• [Data in this exercise]
Content starts
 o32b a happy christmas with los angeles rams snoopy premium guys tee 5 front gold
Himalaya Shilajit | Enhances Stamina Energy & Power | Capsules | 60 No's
Content ends
Content starts
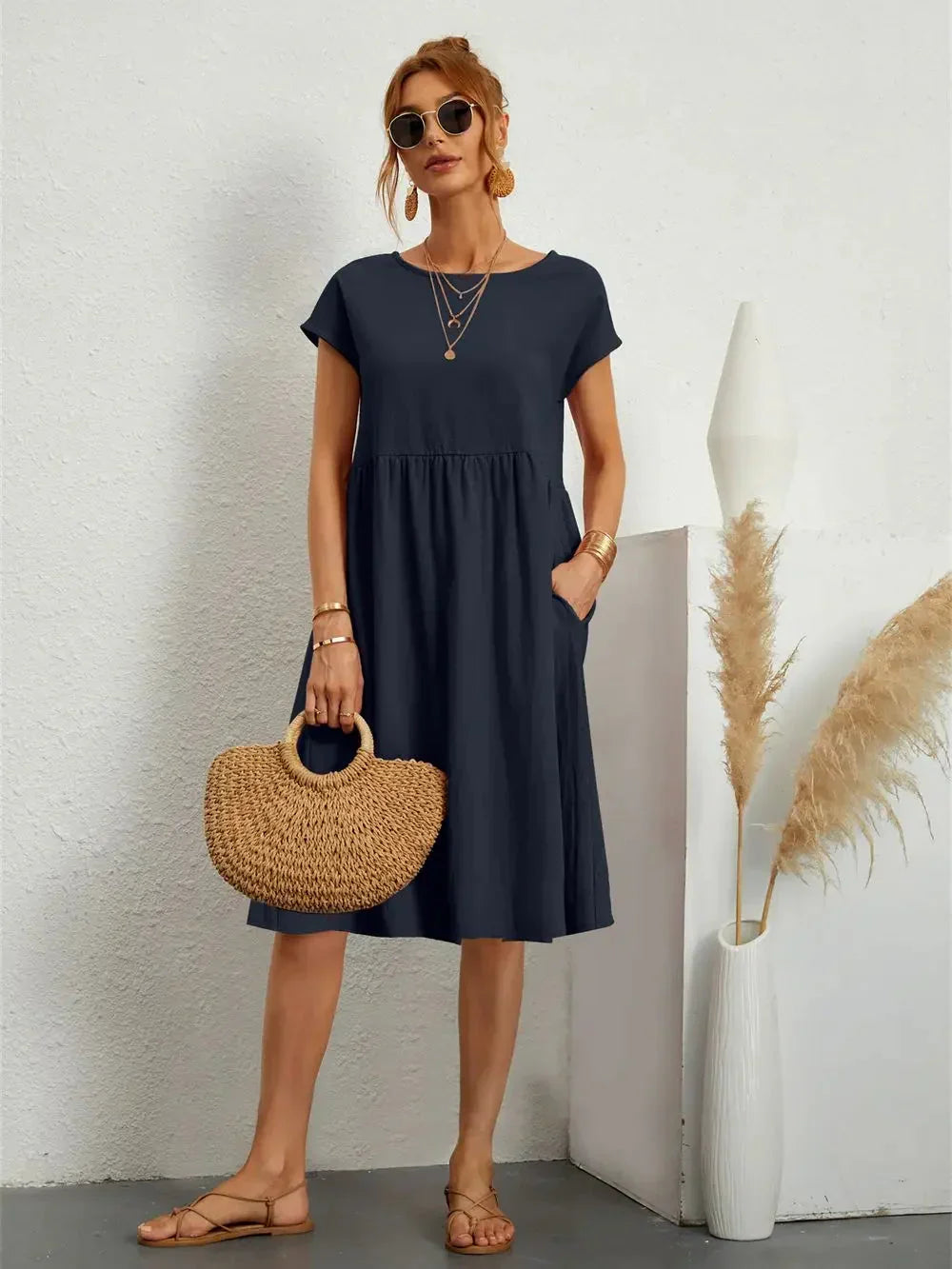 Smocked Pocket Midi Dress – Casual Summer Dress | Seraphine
Content ends
• [What to do] Where the listing above has a line with "o32b a happy", start there, and output every line exactly through the line with "Himalaya Shilajit |", which is also included.

• [Answer to the exercise]
 o32b a happy christmas with los angeles rams snoopy premium guys tee 5 front gold
Himalaya Shilajit | Enhances Stamina Energy & Power | Capsules | 60 No's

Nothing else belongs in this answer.